July 7, 2009 by David Gillaspie



A traveling man left a patent plate.  He came back for it. . .

“George Selden is a sneaky lawyer who found a way to file a patent covering every car made in America.  He got it based on a weak model he updates when he renews the patent.

The early auto industry pulled huge investments at the turn of the century.  Money flowed to electric cars, steam power, gunpowder engines and gasoline engines.  Selden shared the windfalls with a crack team of lawyers extorting car buyers:

“Don’t buy a lawsuit, buy a Selden Patent car.”

Few men have held major industries in check.  Rockefeller and oil?  Gates’ and Microsoft?  Farnsworth and television?

The Selden Patent era begins to fade when Henry Ford can’t qualify for one.  He’s called a car assembler, not a car maker.  He goes after the patent and eventually breaks it in court with the argument that it only covers cars with two stroke engines where his have four.  Even George Selden was denied when he applied for his own patent to start making cars.  He had to buy a company that already had one.

At the end of the day you have to ask if the Selden Patent restricted the auto industry or set a certain standard of quality.

A hundred years later we ask the same question.  How safe do we need to be?  Who is responsible for our safety?  Can the nanny-culture go too far?

Some say it’s all about plugging numbers into an equation that balances thorough inspections and hefty kickbacks.” 

Okay then.


4 thoughts on “Patent Trolling

  1. […] Automobiles and George Selden. […]

  2. […] A history book will tell you he invented the automobile assembly line, but that’s not the whole story.  He studied time management and movement to decide how long it takes to assemble car pieces, and […]

  3. Ray Crim says:

    We never needed Ralph Mader’s advice.
    And considering his sole connection to the auto industry consisted of rideing in taxis ans sueing them he had no leg to stand on.
    But, the jerks in Washington never asked men like Smokey Yunik, the hunt Bros. or Andy Granatelli for any advice.
    In “McCahill sorts out the safety experts” M.I. top automotive writer related an incident at a cocktail party.
    He button hole one of the Washington safety Gurus and asked him.
    “What advice would you give a drive caught in a highspeed skid?”
    The guru thought, then answered, “He was obviously driving too fast.”
    So, Uncle Tom asked him the question again.
    He then admitted he didn’t know what to tell him.
    And added rather proudly the “He never drove over 45mph himself.”
    And this was one of the men telling Detroit how to biuld safer cars.

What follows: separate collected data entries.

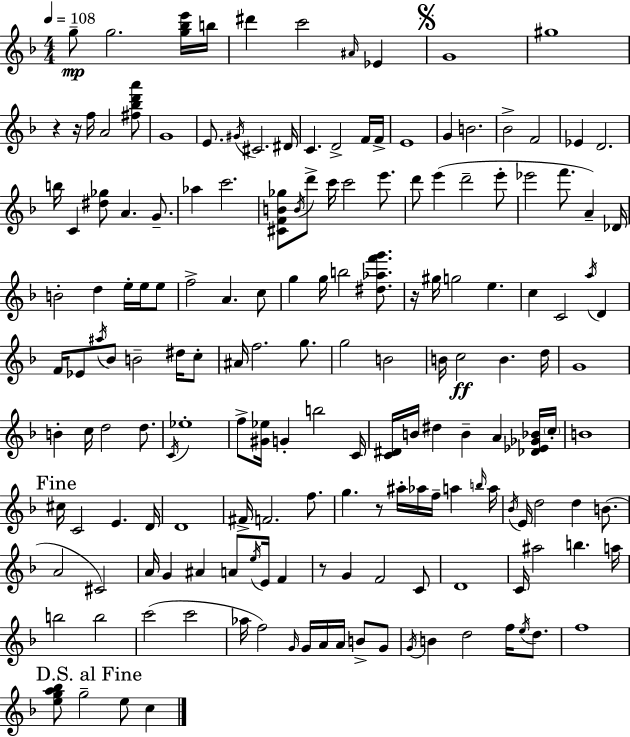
{
  \clef treble
  \numericTimeSignature
  \time 4/4
  \key d \minor
  \tempo 4 = 108
  g''8--\mp g''2. <g'' bes'' e'''>16 b''16 | dis'''4 c'''2 \grace { ais'16 } ees'4 | \mark \markup { \musicglyph "scripts.segno" } g'1 | gis''1 | \break r4 r16 f''16 a'2 <fis'' bes'' d''' a'''>8 | g'1 | e'8. \acciaccatura { gis'16 } cis'2. | dis'16 c'4. d'2-> | \break f'16 f'16-> e'1 | g'4 b'2. | bes'2-> f'2 | ees'4 d'2. | \break b''16 c'4 <dis'' ges''>8 a'4. g'8.-- | aes''4 c'''2. | <cis' f' b' ges''>8 \acciaccatura { b'16 } d'''8-> c'''16 c'''2 | e'''8. d'''8 e'''4( d'''2-- | \break e'''8-. ees'''2 f'''8. a'4--) | des'16 b'2-. d''4 e''16-. | e''16 e''8 f''2-> a'4. | c''8 g''4 g''16 b''2 | \break <dis'' aes'' f''' g'''>8. r16 gis''16 g''2 e''4. | c''4 c'2 \acciaccatura { a''16 } | d'4 f'16 ees'8 \acciaccatura { ais''16 } bes'8 b'2-- | dis''16 c''8-. ais'16 f''2. | \break g''8. g''2 b'2 | b'16 c''2\ff b'4. | d''16 g'1 | b'4-. c''16 d''2 | \break d''8. \acciaccatura { c'16 } ees''1-. | f''8-> <gis' ees''>16 g'4-. b''2 | c'16 <c' dis'>16 b'16 dis''4 b'4-- | a'4 <des' ees' ges' bes'>16 \parenthesize c''16-. b'1 | \break \mark "Fine" cis''16 c'2 e'4. | d'16 d'1 | fis'16-> f'2. | f''8. g''4. r8 ais''16-. aes''16 | \break f''16-- a''4 \grace { b''16 } a''16 \acciaccatura { bes'16 } e'16 d''2 | d''4 b'8.( a'2 | cis'2) a'16 g'4 ais'4 | a'8 \acciaccatura { e''16 } e'16 f'4 r8 g'4 f'2 | \break c'8 d'1 | c'16 ais''2 | b''4. a''16 b''2 | b''2 c'''2( | \break c'''2 aes''16 f''2) | \grace { g'16 } g'16 a'16 a'16 b'8-> g'8 \acciaccatura { g'16 } b'4 d''2 | f''16 \acciaccatura { e''16 } d''8. f''1 | \mark "D.S. al Fine" <e'' g'' a'' bes''>8 g''2-- | \break e''8 c''4 \bar "|."
}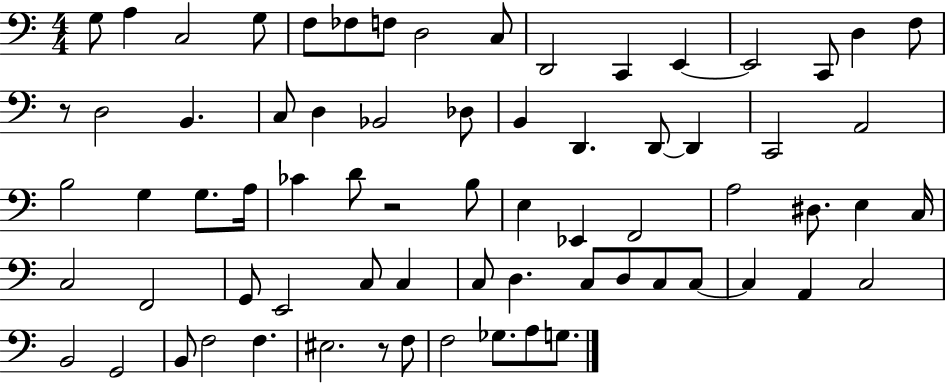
X:1
T:Untitled
M:4/4
L:1/4
K:C
G,/2 A, C,2 G,/2 F,/2 _F,/2 F,/2 D,2 C,/2 D,,2 C,, E,, E,,2 C,,/2 D, F,/2 z/2 D,2 B,, C,/2 D, _B,,2 _D,/2 B,, D,, D,,/2 D,, C,,2 A,,2 B,2 G, G,/2 A,/4 _C D/2 z2 B,/2 E, _E,, F,,2 A,2 ^D,/2 E, C,/4 C,2 F,,2 G,,/2 E,,2 C,/2 C, C,/2 D, C,/2 D,/2 C,/2 C,/2 C, A,, C,2 B,,2 G,,2 B,,/2 F,2 F, ^E,2 z/2 F,/2 F,2 _G,/2 A,/2 G,/2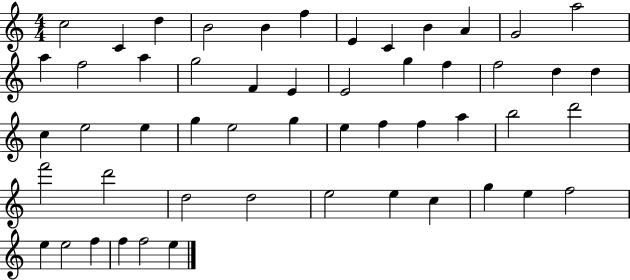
X:1
T:Untitled
M:4/4
L:1/4
K:C
c2 C d B2 B f E C B A G2 a2 a f2 a g2 F E E2 g f f2 d d c e2 e g e2 g e f f a b2 d'2 f'2 d'2 d2 d2 e2 e c g e f2 e e2 f f f2 e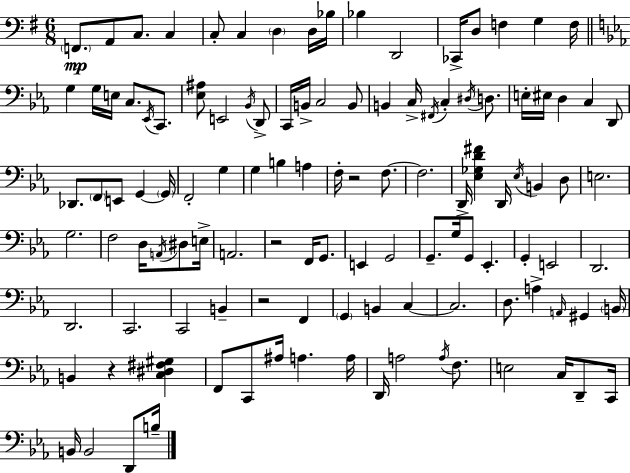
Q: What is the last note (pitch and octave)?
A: B3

    • David Gillaspie says:

      Thanks for leaving a repy Ray. I liked the high speed skid question. It’s similar to the motorcycle question of what to do in skid. Guess wrong and you’re high sided with a head dive into the pavement.

      Have you read Andy Granatelli’s book “They Call Me Mr. 500?” He tells about driving cross country before the freeways. Check it out.